Wednesday, August 21, 2013

2 years in Kenya. Did that. Now What?


I’ve been in America for 11 days and jetlag is still owning me.  Everything is surreal.  I don’t really know how to answer people’s questions at the moment.  I’m on overload every time I open my bedroom door.  T.V.’s, refrigerators, faucets all over the place with clean running water.  Hopping in a car and driving somewhere is insane.  Restaurants, entertainment, shopping centers where you can get everything.  It’s panic inducing.  Anything and everything is available.  It would sometimes take me weeks to find what I needed, if I was even able to get it, and that was only carrots.

Dust, trees, dirt paths, and women carrying buckets of water on their head is what I’m used to. 

I have this overwhelming sense of feeling lost all the time.  And I don’t really know what I’m doing here.  I don’t quite have a sense of purpose here anymore like I did in Kenya.

It’s dumbfounding to me what I’m experiencing right now.  I have lived nearly 28 years in America and only 2 in Kenya.  I should be able to transition back to what I know without this much difficulty and anxiety.

America makes me feel like such an infant.  I’m having to relearn how to live here.
I didn’t know how to use the swipe your card machine at the register.  I asked for a refill at McDonalds and they told me they didn’t do that anymore and gave me a look like where have you been.  Um, Kenya.  That’s where I’ve been.  Over and over America is shaming me and making me feel like an idiot with even the simplest of things.

I wouldn’t take back my time in Kenya but currently where I am in life I felt better off at 18.  I had a car, insurance, a job, a place to live that wasn’t my parent’s house.

I need a job so I can afford a car but I need that car to get me to that job.  Not sure how I get there from here.
I didn’t really think about this part of coming back from the Peace Corps.

I also didn’t really realize there would be a sort of grieving process upon returning home.  Why didn’t I see this coming?  I just spent 2 years developing relationships with so many people that I will never see or even ever be able to communicate with ever again.

But here I am.

So what’s next?
I’m probably going to freak out about the direction of my life for the next week and a half.  Spend time with my family/ Brother’s Wedding.  Then spend the next 2 months on a road trip.  Hopefully readjusting better than I am now. 

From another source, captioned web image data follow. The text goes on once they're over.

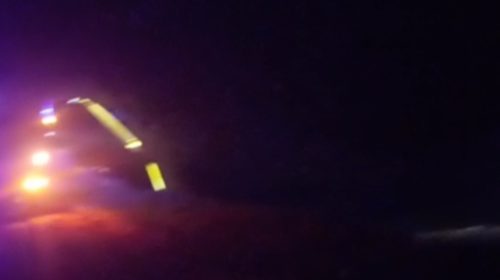 বদলগাছীতে অবৈধভাবে মাটি কাটার মহোৎসব: সংবাদ সংগ্রহে গিয়ে হামলার শিকার সাংবাদিকরা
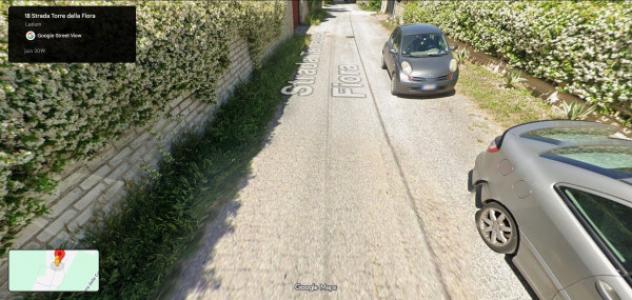 Immobile in asta di 185 m² in vendita a Palombara Sabina - Foto 7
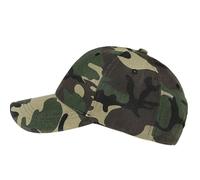 JJiaoLinin Casquette de Baseball,Tactical Hat Réglable Chapeaux Camouflage Armée Militaire Casquettes de Sport Quotidien Baseball Caps pour La Chasse La Pêche Activités de Plein Air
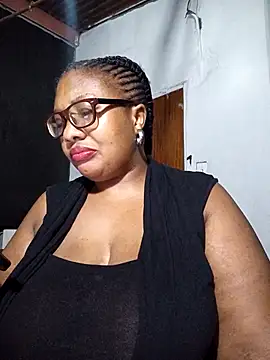 YELLOW BONE online show from March 1, 11:47 pm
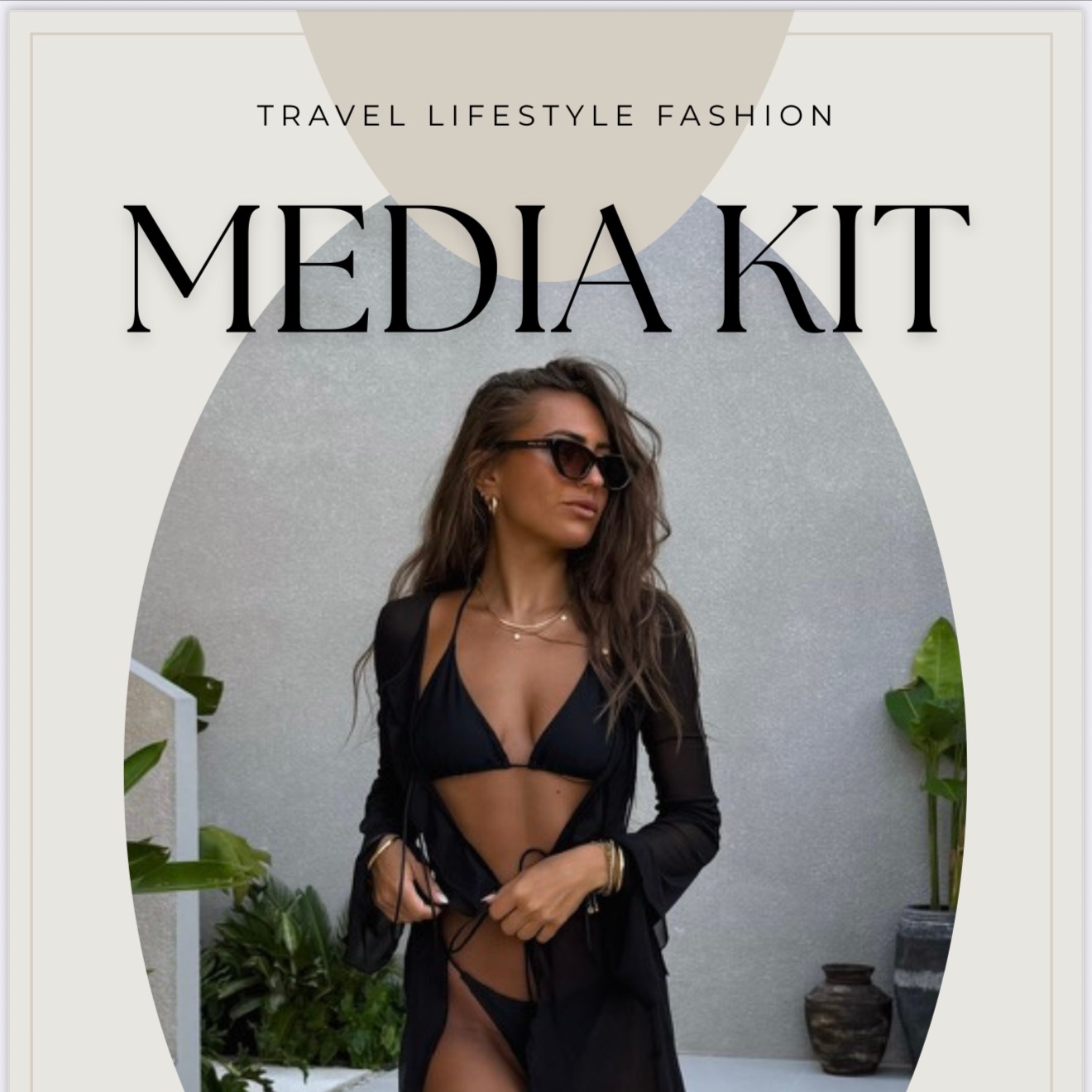 collab informations -  Media Kit (my insights & analytics) thumbnail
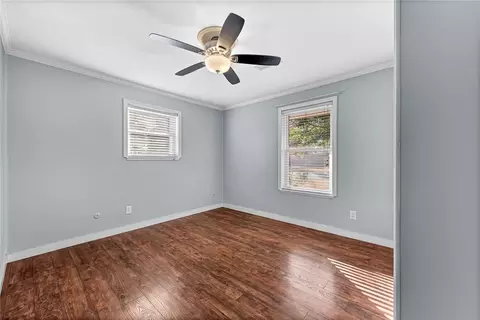 511 Morrison Pl, Springdale, AR 72762 photo 10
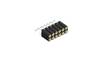 Fischer Elektronik SIL socket (precision) No. of rows: 2 10026405 10 pc(s)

I have a couple of posts that I wanted to post but ran out of time in Kenya to flesh them out.  Since my schedule is wide open at the moment I may make a couple more posts before shutting the blog down.  

Thursday, August 1, 2013

I'm Retiring


Well, from the Peace Corps, that is. 

Sometimes the pictures that get posted to facebook can be misleading and you may wonder if I get any work done or if it's all just play.  All the play is what keeps me sane and in the village sweating and working like mad.  I managed to squeeze in quite a bit of work in my last week.  I held one last re-usable sanitary pads training.  I introduced and briefly showed the Orphan and Vulnerable Children Association how to use solar cookers and was able to give them 10 as an income generating project for the group.  I helped a fellow PCV with a Health day and taught on malaria, of course.  And I was able to secure and hang LLIN’s (Long Lasting Insecticide-treated Nets) for all the boarding students at Namboboto Secondary School. 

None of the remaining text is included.